MPI, the acronym in your question, refers to mortgage protection insurance. Mortgage protection insurance is a special form of life insurance that pays off your mortgage in the event that you die. The vast majority of people are better off getting a term life policy instead that is large enough to allow your survivors to pay off the mortgage or to do whatever else makes financial sense to them-- continuing to just make payments, paying off the mortgage entirely, paying it off partially, selling and downsizing, etc. MPI might make sense if you worry that your survivors might not handle a large insurance payout well. MPI won't ever be cancelled automatically but is an optional product that you can (and probably should) decline.

PMI is private mortgage insurance. This pays the holder of your mortgage back if you default. If you have a conventional mortgage, you'll be required to have PMI if you have less than 20% equity. PMI will be cancelled automatically when your loan-to-value goes below 78%. Of the three-letter mortgage insurance acronyms, this is the most common one for people to discuss.

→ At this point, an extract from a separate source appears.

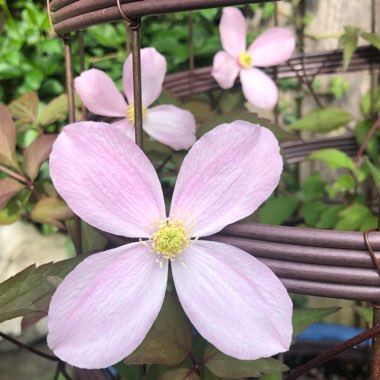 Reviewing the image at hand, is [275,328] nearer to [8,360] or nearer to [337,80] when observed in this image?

MIP is mortgage insurance premium and appears to be the type of insurance you actually have. MIP insures the holder of your FHA mortgage in case you default. If you have a FHA loan, you'll have upfront MIP (MIP paid when you close the loan) and annual MIP though most lenders will break your annual MIP payment into monthly payments. The amount of your annual MIP and how long you'll have to pay it will depend on the term of the loan, how much you are putting down, and how much you are borrowing. If you put at least 10% down on a 30-year mortgage, you'd have to pay MIP for 11 years which seems to square with what your servicer is telling you. You could refinance into a conventional loan rather than an FHA loan to eliminate MIP (conventional loans generally have stricter qualification requirements though).